The schools, he said, illustrate why Mr. Gulen should be extradited. They “give him political influence in a very big way,” he said.
Mr. Aslandogan said the schools Mr. Amsterdam accuses of impropriety “are American institutions serving American children and their parents. Any illegal or unethical action by individuals who are allegedly sympathizers of the Hizmet movement would be against the movement’s core values.”
Both camps are focused on Washington, D.C., where they are enlisting lawmakers and lobbyists to argue for or against Mr. Gulen and his causes. The Alliance, which backs Mr. Gulen, hired the Podesta Group Inc., co-founded by the chairman of Hillary Clinton’s White House campaign, John Podesta, and now run by his brother, Tony Podesta.
Mr. Gulen rose to prominence in Turkey in the 1980s with his moderate Islamic teachings combining religion, democracy and science. When Mr. Erdogan rose to power in 2002, his party and Mr. Gulen shared some goals, working closely to break the military’s political monopoly and to overhaul laws they saw as discriminating against some conservative Muslims.
Mr. Erdogan and Mr. Gulen eventually broke their alliance. The cleric accused the president of becoming dangerously authoritarian. Mr. Erdogan accused his opponent of attempting a soft coup when prosecutors and judges announced a corruption investigation against Erdogan allies. Mr. Erdogan and his allies denied the corruption allegations, and Mr. Erdogan’s government helped quash the investigation.
In December, Mr. Amsterdam helped sue Mr. Gulen in Pennsylvania federal court on behalf of a rival religious group in Turkey, claiming Mr. Gulen directed followers to carry out human-rights abuses. In June, a U.S. district judge dismissed the case, saying it was in the wrong jurisdiction. Mr. Aslandogan called the suit part of a “smear campaign.”
After the failed July putsch, Turkish authorities purged thousands of military officers, judges, prosecutors, police officers and academics over suspected Gulen ties. Mr. Erdogan is pressuring governments in Europe, Africa and Asia to shut schools founded by Gulen supporters.
Mr. Amsterdam said his team in the U.S. has been rounding up documents, filing complaints with state school administrators, interviewing students and parents and mining data on administrators and affiliates.

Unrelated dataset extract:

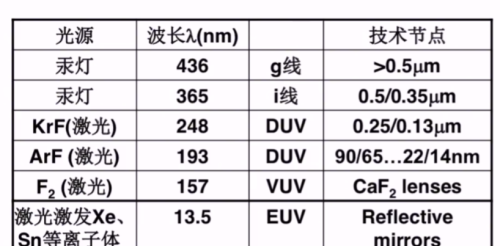 你真的了解光刻技术吗？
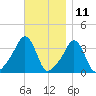 Conimicut Light tide chart for Saturday, November 11, 2023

“We’re moving methodically from state to state. We have hit Texas, California, Ohio and Illinois. We are going to go to the Eastern Seaboard: New York, Massachusetts, New Jersey and down to Florida,” he said, sitting in a New York hotel cafe on a recent day. “We’re going to do our own whistle-stop tour.”
In Texas, Mr. Amsterdam filed a complaint this summer about the Harmony Public School network to the Texas Education Agency. He alleged that the parent company of the schools hired Gulen supporters from Turkey, paid them more than other teachers and required them to donate to politicians.

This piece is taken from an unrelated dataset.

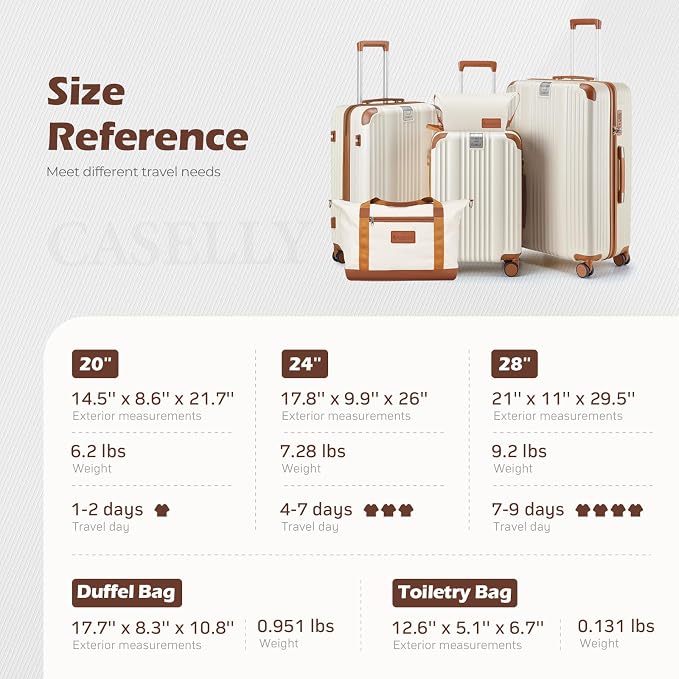 Luggage Set with PC+ABS Hardshell TSA Lock Spinner Wheels Carry on Lightweight - Image 8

The TEA said it is reviewing the complaint to determine if it should launch a formal investigation into some of the allegations, including whether the schools gave preferences to some vendors and misused state and federal funds. Harmony denied Mr. Amsterdam’s allegations and said it is cooperating with the review.
Harmony’s CEO, Dr. Soner Tarim, called the complaints “unfounded,” “ridiculous” and “frivolous.” As in many school chains on Mr. Amsterdam’s list, one of Harmony’s founders was of Turkish descent. Harmony, with 48 schools, said 197 of its 3,545 teachers are on H-1B visas. All of them are from Turkey. It has offered Turkish as a foreign language.
Mr. Amsterdam said he is preparing a complaint against Concept Schools in the Midwest, which is on his list of charter schools with ties to Mr. Gulen. A Concept spokesman said the school chain wasn’t aware of Mr. Amsterdam’s investigation and denied Gulen ties.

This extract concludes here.